Чудовище Мировой войны оказалось прожорливее, чем ожидалось, но тем ярче должна была воссиять в веках слава победоносного полководца. Игрочишка суетливо поспешил утвердиться на посту Верховного главнокомандующего. Был он любящим мужем и отцом, но из проявленных им «в Грозный час испытания» качеств выделялись никогда не изменявшее ему упрямство да умение подбирать для подвергающегося военной нагрузке сложного государственного механизма исключительно ржавые, с сорванной резьбой «винтики» — людей, личная преданность которых трону могла соперничать разве только с их некомпетентностью в порученном деле. Так что позже, летом 1918 года за все пришлось-таки расплатиться лично, да не только своей жизнью, но и жизнями детишек, виноватых лишь в том, что были они одной с неудавшимся полководцем крови.
За войной последовала революция, а за ней — и новая война, Гражданская. В железных дорогах нуждались все конфликтующие стороны и это давало шанс уцелеть.
Борис подрастал, окончил 7-летнюю школу в Гудермесе, стал слесарем в паровозном депо, а в 1932 г. поступил в Новочеркасский индустриальный институт. Доучиться молодому комсомольцу не дали — «мобилизовали» на Ростовский завод сельскохозяйственных машин рабочим. Большевистская власть пе считалась с желаниями молодых людей и те, кто отказывался от таких предложений, потом имели основания пожалеть.
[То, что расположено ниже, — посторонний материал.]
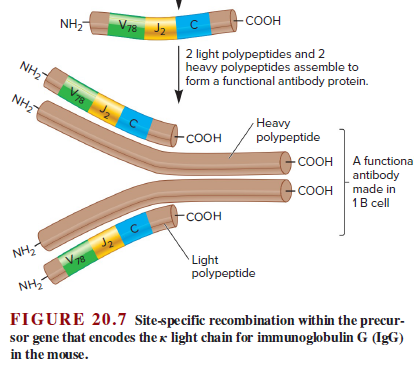 NH,
V78
Vтв Ja
-соон
2 light polypeptides and 2
heavy polypeptides assemble to
form a functional antibody protein.
NH2
NH2
Heavy
polypeptide
СООН
-COOH A functiona
antibody
-COOH made in
1B cell
СООн
NH,-
`Light
polypeptide
NH
FIGURE 20.7 Site-specific recombination within the precur-
sor gene that encodes the x light chain for immunoglobulin G (IgG)
in the mouse.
Тем временем Григорий Игнатьевич переехал в Москву: не давало покоя желание проявить талант инженера. В Центральный аэрогидродинамический институт им был послан проект «махолета», причем была даже построена действующая модель (Рис. 1.4). Военная авиация в СССР бурно развивалась и конструкторов не хватало. Несмотря на отсутствие институтского образования, Фигория Игнатьевича приняли на работу в конструкторское бюро Н. Поликарпова, истребители И-16 которого потом воевали в Испании.
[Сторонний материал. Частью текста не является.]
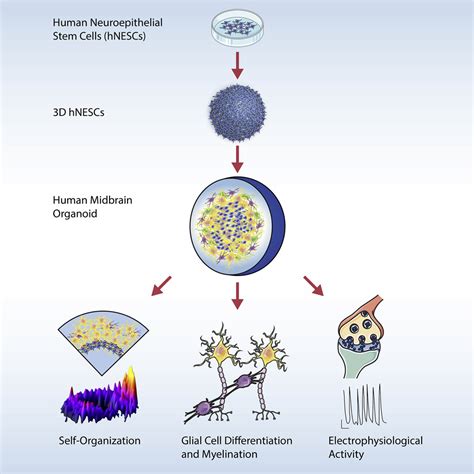 Derivation Of Human Midbrain Specific Organoids From Neuroepithelial Stem Cells Stem Cell Reports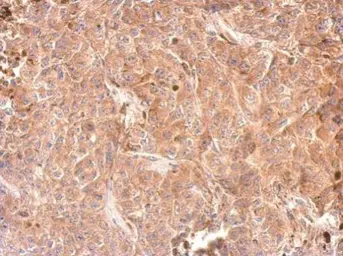Anti-GPD1 antibody used in IHC (Paraffin sections) (IHC-P). GTX117910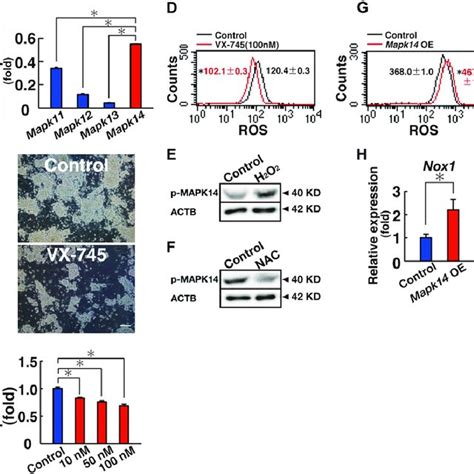 Ros Generation And Enhanced Proliferation Of Gs Cells By Nox1 Download Scientific Diagram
Конечно, должность, на которую взяли в начале 30-х годов инженера-самоучку, была невысокой. Пока Григорий Игнатьевич осваивал новую профессию, институт сотрясали катаклизмы, вызванные доносами, арестами и расстрелами разнообразных «вредителей», которых доблестные органы выявляли на всех без исключения уровнях институтской иерархии, и чем выше был этот уровень, тем более вероятным было однажды дать следователям «чистосердечные показания». О нелегкой, опасной, но в то же время — славной невидимой страде поведал, не без некоторой рисовки, комиссар государственной безопасности 1-го ранга Л. Заковский в книге «Шпионаж капиталистических государств»:
«Они давали несуразно много деталей, чтобы потребовалось много нового инструмента, новых станков, усложняли технологический процесс, так что для его осуществления потребовалось бы много времени и даже переоборудование завода. Они говорили: да, можно было сделать проще, но так как они хотели сорвать военный заказ, то намеренно усложняли процесс производства».
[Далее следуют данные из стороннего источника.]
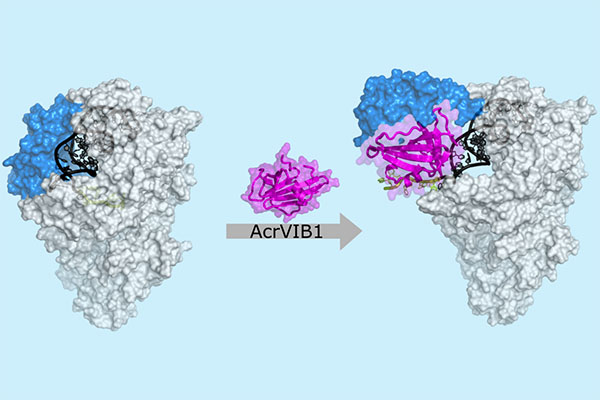 Cryo-electron microscopy image: The anti-CRISPR protein AcrVIB1 (magenta) attaches to the nuclease Cas13b (light gray) and strengthens its binding to the CRISPR RNA (crRNA; dark gray and green). AcrVIB1 induces a structural rearrangement in the nuclease (blue) and exposes the CRISPR RNA, which can then be cleaved and subsequently degraded.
Очевиден универсализм подхода: если бы количество деталей было бы заказано «впритык» и, вследствие неизбежного брака, на сборке имел место некомплект, то и такое «вредительство» тоже вполне устраивало, как вполне оправдывающее применение «высшей меры социальной защиты».
Дефектом стиля в эпистолярных упражнениях достославного товарища Заковского было использование штампа «провокатор царской охранки», в то время как «разоблаченные» признавались, по его же данным, лишь в доносах. По-видимому, тут не обошлось без вполне естественного стремления слегка преувеличить достижения, потому что ранга «провокатора» достоин лишь тот, кто, будучи внедрен в круг неблагонамеренных, именно что провоцирует активные действия. Оно и понятно: начальство отчиталось в выплаченных «средствах», доложило наверх о раскрытии «кружка», а в нем процветают лишь говорильня да свальные половые сношения. В такой застойной атмосфере свежая идея — «экспроприировать банк» — вызывает энтузиазм по обе стороны баррикад, потому как всем ясно, что при распределении экспроприированного не будет вестись персонально ответственный бухгалтерский учет. Нытики, понятно, загундят: «А где оружие взять, а как избежать случайных жертв?» Но не смехотворно ли упоминание о каких-то «жертвах», когда дело идет о революции (с одной стороны) и о государственных интересах (с другой)? А уж оружие-то для хорошего дела…
Слово «провокатор», вероятно, казалось более ярким, хлестким по сравнению с сереньким — «стукач», что вполне извинительно: и в наше время как град по лысине барабанит не к месту употребляемое, заимствованное из ядерного лексикона словцо «эпицентр». Но в строгие тридцатые лексическая некорректность комиссара государственной безопасности 1-го ранга была приравнена к донесению о пленении в окопах незримого противостояния «языка» в звании полковника, в то время как взят был лишь ефрейтор. За очковтирательство (а может — и не только) ошибочно именовавшийся когда-то «товарищем» и «комиссаром» был расстрелян.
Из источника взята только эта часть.